Task description:
Every entry should be transcribed word for word, so that nothing is missing.

(Items from a dataset)
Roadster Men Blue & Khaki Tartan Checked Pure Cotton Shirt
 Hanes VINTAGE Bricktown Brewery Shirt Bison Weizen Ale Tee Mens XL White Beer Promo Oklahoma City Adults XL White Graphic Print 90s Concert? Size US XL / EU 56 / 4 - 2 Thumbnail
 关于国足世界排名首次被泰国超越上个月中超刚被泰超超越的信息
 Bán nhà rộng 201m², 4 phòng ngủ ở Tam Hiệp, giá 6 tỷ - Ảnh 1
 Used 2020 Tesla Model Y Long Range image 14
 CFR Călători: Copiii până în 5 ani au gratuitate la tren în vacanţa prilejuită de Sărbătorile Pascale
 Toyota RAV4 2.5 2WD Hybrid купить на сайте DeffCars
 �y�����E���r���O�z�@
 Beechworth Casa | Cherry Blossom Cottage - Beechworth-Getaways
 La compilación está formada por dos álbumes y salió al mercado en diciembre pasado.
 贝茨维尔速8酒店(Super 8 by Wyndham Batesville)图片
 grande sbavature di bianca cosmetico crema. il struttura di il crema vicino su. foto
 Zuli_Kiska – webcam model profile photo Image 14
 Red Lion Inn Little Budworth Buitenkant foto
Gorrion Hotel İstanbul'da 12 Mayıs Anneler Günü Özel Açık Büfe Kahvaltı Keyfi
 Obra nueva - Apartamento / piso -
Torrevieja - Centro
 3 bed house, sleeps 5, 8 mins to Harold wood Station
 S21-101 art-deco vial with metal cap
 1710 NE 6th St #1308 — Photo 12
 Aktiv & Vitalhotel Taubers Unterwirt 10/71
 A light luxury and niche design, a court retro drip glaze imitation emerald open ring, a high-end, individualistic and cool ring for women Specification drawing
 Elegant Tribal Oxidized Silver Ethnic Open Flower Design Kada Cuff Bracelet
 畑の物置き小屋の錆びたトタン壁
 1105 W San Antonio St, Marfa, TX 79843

Answer to this task:
Roadster Men Blue & Khaki Tartan Checked Pure Cotton Shirt
 Hanes VINTAGE Bricktown Brewery Shirt Bison Weizen Ale Tee Mens XL White Beer Promo Oklahoma City Adults XL White Graphic Print 90s Concert? Size US XL / EU 56 / 4 - 2 Thumbnail
 关于国足世界排名首次被泰国超越上个月中超刚被泰超超越的信息
 Bán nhà rộng 201m², 4 phòng ngủ ở Tam Hiệp, giá 6 tỷ - Ảnh 1
 Used 2020 Tesla Model Y Long Range image 14
 CFR Călători: Copiii până în 5 ani au gratuitate la tren în vacanţa prilejuită de Sărbătorile Pascale
 Toyota RAV4 2.5 2WD Hybrid купить на сайте DeffCars
 �y�����E���r���O�z�@
 Beechworth Casa | Cherry Blossom Cottage - Beechworth-Getaways
 La compilación está formada por dos álbumes y salió al mercado en diciembre pasado.
 贝茨维尔速8酒店(Super 8 by Wyndham Batesville)图片
 grande sbavature di bianca cosmetico crema. il struttura di il crema vicino su. foto
 Zuli_Kiska – webcam model profile photo Image 14
 Red Lion Inn Little Budworth Buitenkant foto
Gorrion Hotel İstanbul'da 12 Mayıs Anneler Günü Özel Açık Büfe Kahvaltı Keyfi
 Obra nueva - Apartamento / piso -
Torrevieja - Centro
 3 bed house, sleeps 5, 8 mins to Harold wood Station
 S21-101 art-deco vial with metal cap
 1710 NE 6th St #1308 — Photo 12
 Aktiv & Vitalhotel Taubers Unterwirt 10/71
 A light luxury and niche design, a court retro drip glaze imitation emerald open ring, a high-end, individualistic and cool ring for women Specification drawing
 Elegant Tribal Oxidized Silver Ethnic Open Flower Design Kada Cuff Bracelet
 畑の物置き小屋の錆びたトタン壁
 1105 W San Antonio St, Marfa, TX 79843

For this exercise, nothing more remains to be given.